Alcester 32 – 11 Old Wheatleyans
Muddy Hell
Various Old Wheats made it to the coach on time, various Wheats made it a little late. Some did not make it at all as they had forgotten to get parental consent forms signed. So as the coach pulled into the luxurious surroundings of Alcester RFC Wheats were looking forward to another rip-roaring 80 minutes of egg-chasing, followed by much anticipated snifters in the bar afterwards, with the added bonus that you could get dressed up like an arse if you liked.
The first thing you noticed when you got out on to the field was the mud. Man, it was muddy. Do you remember how muddy it was? Yeah. Proper muddy like the Somme. Wheats opted to run/slide downhill in the 1st half, which had a few mud-spattered highlights, including a nice try in the corner for following a great advantage from the referee (need more refs like this please). Solid control in attack and resolute defence were hallmarks of a commanding 1st half for the Wheats, who could count themselves unlucky despite heavy going to only earn another 2 penalties to add to Jonah’s try. With no reply from Alcester the Wheats had put themselves ahead 11 – 0 at half time.
After half time Alcester scored a bunch of tries then the game ended.
Then it was down to business as everyone got into their gear for the Christmas drink-off.

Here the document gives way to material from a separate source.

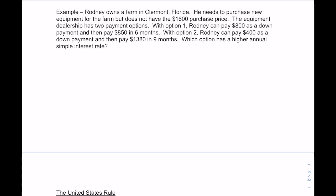Here's our next problem. Rodney owns a farm and needs to purchase new equipment for $1,600 but doesn't have the money. The equipment dealership has two payment options. Option 1: pay $800 as a down payment, then pay $850 in six months. Option 2: pay $400 as a down payment, then pay $1,380 in nine months. We need to determine which option has a higher annual simple interest rate.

Highlights included Mose and JB as Santa and his little helper (little helpers don’t get much bigger), the Santa-Stella-off between Mose and Superior Hands, Bobby dressed in his tux walking into the pub with Loachy dressed as a cow and asking for a table for 2, AB getting raucous with the Christmas decorations after winning a wine bottle race with Santa, PK trying not to cover everything he touched in blue smurf paint, Tequila toasts back at HQ and Deano’s clown costume seeming a little redundant.
In the end a good time was had by all, though there were a few sore heads the day after, the Wheats headed into the Christmas break for a deserved rest.